TASK TO CARRY OUT:
Output, exactly and with no pictures, the line that contains "Bonheur du Jour" and every line that comes after it in the data below, the last one included.

STORED DATA:
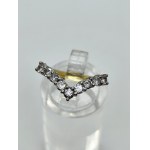 Zlatý prsteň s diamantmi 0,5 Ct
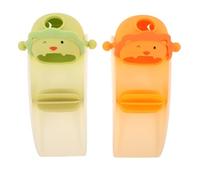 HONITANO 2pcs Faucet Extender for Bathroom Sink: Silicone Cartoon Extender for Bathtub Flexible Faucet - Splashproof Toddler Bathroom Tap Extension Supply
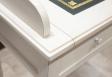 Bonheur du Jour Louis ralis en Chne de style Directoire Finition Chne Bross Ivoire Surface d'criture Verte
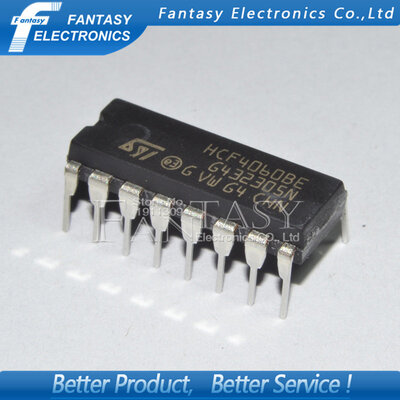 

10PCS HCF4060BE DIP16 HCF4060 DIP HCF4060BEY new and original IC free shipping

EXERCISE ANSWER:
 Bonheur du Jour Louis ralis en Chne de style Directoire Finition Chne Bross Ivoire Surface d'criture Verte

10PCS HCF4060BE DIP16 HCF4060 DIP HCF4060BEY new and original IC free shipping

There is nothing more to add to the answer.